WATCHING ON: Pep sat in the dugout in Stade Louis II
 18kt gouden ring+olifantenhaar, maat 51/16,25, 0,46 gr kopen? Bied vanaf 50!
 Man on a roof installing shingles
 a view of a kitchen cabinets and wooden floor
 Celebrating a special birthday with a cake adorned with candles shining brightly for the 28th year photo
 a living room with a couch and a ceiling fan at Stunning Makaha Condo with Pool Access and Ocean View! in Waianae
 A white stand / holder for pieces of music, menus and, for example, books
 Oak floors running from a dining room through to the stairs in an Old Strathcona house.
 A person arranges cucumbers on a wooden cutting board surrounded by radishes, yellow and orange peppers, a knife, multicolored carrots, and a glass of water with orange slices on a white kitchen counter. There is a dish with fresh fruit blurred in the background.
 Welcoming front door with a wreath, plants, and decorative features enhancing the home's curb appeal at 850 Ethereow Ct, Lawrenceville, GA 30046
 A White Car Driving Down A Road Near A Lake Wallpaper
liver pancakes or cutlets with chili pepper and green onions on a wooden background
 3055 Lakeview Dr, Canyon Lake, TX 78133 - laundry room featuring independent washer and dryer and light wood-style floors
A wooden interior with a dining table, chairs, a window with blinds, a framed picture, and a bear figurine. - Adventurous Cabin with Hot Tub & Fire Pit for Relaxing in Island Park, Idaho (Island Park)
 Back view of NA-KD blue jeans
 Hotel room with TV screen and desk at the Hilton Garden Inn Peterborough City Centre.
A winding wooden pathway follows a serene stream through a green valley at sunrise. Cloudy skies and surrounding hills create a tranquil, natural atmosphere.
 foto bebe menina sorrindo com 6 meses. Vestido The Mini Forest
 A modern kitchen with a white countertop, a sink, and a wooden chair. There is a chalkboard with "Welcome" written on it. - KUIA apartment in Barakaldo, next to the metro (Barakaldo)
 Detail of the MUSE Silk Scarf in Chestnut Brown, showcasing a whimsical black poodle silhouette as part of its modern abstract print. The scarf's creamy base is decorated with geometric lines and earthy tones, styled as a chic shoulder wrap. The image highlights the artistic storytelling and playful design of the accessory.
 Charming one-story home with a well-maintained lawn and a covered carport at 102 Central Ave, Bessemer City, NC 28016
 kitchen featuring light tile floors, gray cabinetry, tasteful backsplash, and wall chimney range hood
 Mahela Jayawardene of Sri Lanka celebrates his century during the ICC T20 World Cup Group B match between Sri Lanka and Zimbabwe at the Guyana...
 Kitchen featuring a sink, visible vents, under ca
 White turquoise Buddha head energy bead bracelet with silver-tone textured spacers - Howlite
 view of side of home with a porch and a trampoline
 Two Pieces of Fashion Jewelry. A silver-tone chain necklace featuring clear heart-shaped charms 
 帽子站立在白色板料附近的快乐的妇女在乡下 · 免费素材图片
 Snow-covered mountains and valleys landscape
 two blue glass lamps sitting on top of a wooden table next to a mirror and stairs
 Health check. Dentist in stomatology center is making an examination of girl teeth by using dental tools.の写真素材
****************************************
Task goal
This exercise asks for every line of the records to be repeated exactly.

Reply to the task
WATCHING ON: Pep sat in the dugout in Stade Louis II
 18kt gouden ring+olifantenhaar, maat 51/16,25, 0,46 gr kopen? Bied vanaf 50!
 Man on a roof installing shingles
 a view of a kitchen cabinets and wooden floor
 Celebrating a special birthday with a cake adorned with candles shining brightly for the 28th year photo
 a living room with a couch and a ceiling fan at Stunning Makaha Condo with Pool Access and Ocean View! in Waianae
 A white stand / holder for pieces of music, menus and, for example, books
 Oak floors running from a dining room through to the stairs in an Old Strathcona house.
 A person arranges cucumbers on a wooden cutting board surrounded by radishes, yellow and orange peppers, a knife, multicolored carrots, and a glass of water with orange slices on a white kitchen counter. There is a dish with fresh fruit blurred in the background.
 Welcoming front door with a wreath, plants, and decorative features enhancing the home's curb appeal at 850 Ethereow Ct, Lawrenceville, GA 30046
 A White Car Driving Down A Road Near A Lake Wallpaper
liver pancakes or cutlets with chili pepper and green onions on a wooden background
 3055 Lakeview Dr, Canyon Lake, TX 78133 - laundry room featuring independent washer and dryer and light wood-style floors
A wooden interior with a dining table, chairs, a window with blinds, a framed picture, and a bear figurine. - Adventurous Cabin with Hot Tub & Fire Pit for Relaxing in Island Park, Idaho (Island Park)
 Back view of NA-KD blue jeans
 Hotel room with TV screen and desk at the Hilton Garden Inn Peterborough City Centre.
A winding wooden pathway follows a serene stream through a green valley at sunrise. Cloudy skies and surrounding hills create a tranquil, natural atmosphere.
 foto bebe menina sorrindo com 6 meses. Vestido The Mini Forest
 A modern kitchen with a white countertop, a sink, and a wooden chair. There is a chalkboard with "Welcome" written on it. - KUIA apartment in Barakaldo, next to the metro (Barakaldo)
 Detail of the MUSE Silk Scarf in Chestnut Brown, showcasing a whimsical black poodle silhouette as part of its modern abstract print. The scarf's creamy base is decorated with geometric lines and earthy tones, styled as a chic shoulder wrap. The image highlights the artistic storytelling and playful design of the accessory.
 Charming one-story home with a well-maintained lawn and a covered carport at 102 Central Ave, Bessemer City, NC 28016
 kitchen featuring light tile floors, gray cabinetry, tasteful backsplash, and wall chimney range hood
 Mahela Jayawardene of Sri Lanka celebrates his century during the ICC T20 World Cup Group B match between Sri Lanka and Zimbabwe at the Guyana...
 Kitchen featuring a sink, visible vents, under ca
 White turquoise Buddha head energy bead bracelet with silver-tone textured spacers - Howlite
 view of side of home with a porch and a trampoline
 Two Pieces of Fashion Jewelry. A silver-tone chain necklace featuring clear heart-shaped charms 
 帽子站立在白色板料附近的快乐的妇女在乡下 · 免费素材图片
 Snow-covered mountains and valleys landscape
 two blue glass lamps sitting on top of a wooden table next to a mirror and stairs
 Health check. Dentist in stomatology center is making an examination of girl teeth by using dental tools.の写真素材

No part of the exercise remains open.